Here is the arithmetic that Senate Republicans are now doing, and it is the only arithmetic that matters in Washington: gas prices are up 27 percent since the Iran war began. The average American household is spending an additional $180 a month at the pump. Inflation, which had been cooling, is creeping back. The war in Iran, now in its seventh month, shows no signs of ending. Troop casualties are rising. The administration’s strategy of “maximum pressure with maximum bombing” has produced a lot of rubble but no surrender.

And the White House is building a ballroom.
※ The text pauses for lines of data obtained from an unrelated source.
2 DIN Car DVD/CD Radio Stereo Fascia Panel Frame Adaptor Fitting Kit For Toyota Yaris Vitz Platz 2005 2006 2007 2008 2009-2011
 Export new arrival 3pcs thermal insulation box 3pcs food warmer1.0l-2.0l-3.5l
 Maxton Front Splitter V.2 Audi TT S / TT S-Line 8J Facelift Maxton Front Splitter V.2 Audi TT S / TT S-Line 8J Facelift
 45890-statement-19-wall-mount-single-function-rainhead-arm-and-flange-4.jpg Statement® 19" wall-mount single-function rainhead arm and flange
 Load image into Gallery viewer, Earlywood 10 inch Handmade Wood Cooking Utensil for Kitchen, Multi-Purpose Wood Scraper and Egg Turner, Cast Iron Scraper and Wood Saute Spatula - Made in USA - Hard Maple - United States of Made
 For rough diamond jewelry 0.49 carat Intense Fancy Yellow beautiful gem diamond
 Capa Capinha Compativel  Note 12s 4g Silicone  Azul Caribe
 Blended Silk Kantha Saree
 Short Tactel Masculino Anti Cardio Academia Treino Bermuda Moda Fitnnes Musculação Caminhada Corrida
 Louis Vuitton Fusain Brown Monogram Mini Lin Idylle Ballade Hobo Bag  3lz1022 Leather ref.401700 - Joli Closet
It was the sort of detail that editorial cartoonists dream about. A president who promised to end wars — who campaigned on the idea that Ukraine was a drain and Afghanistan was a disaster — had started a new war in Iran and was now asking taxpayers to fund a party venue while their gas bills climbed. The contrast wrote itself. “A ballroom bunker,” one commentator called it. The image stuck.

By the time the Secure America Act reached the Senate floor, the ballroom funding had become a political liability that no amount of procedural maneuvering could hide. The Senate parliamentarian, Elizabeth MacDonough, delivered the first blow: the ballroom security improvements, she ruled, did not comply with the Byrd Rule for budget reconciliation. They were not sufficiently germane to the budget. They were, in plain language, a luxury item smuggled into an immigration bill.

The ruling gave Republicans cover. They could say the ballroom funding was removed on procedural grounds, not because they abandoned the president. But the truth is simpler: they were relieved.

It was the second time in two days that Senate Republicans had flinched. The day before, the House had passed a war powers resolution — symbolic, non-binding — asserting that Congress had not authorized the Iran war. Two dozen Republicans voted for it. The message was unmistakable: the party’s uneasy truce with Trump on foreign policy is fracturing. The war is unpopular. The costs are visible. And with the midterms five months away, many Republicans would rather vote against the war than explain to their constituents why they keep supporting it.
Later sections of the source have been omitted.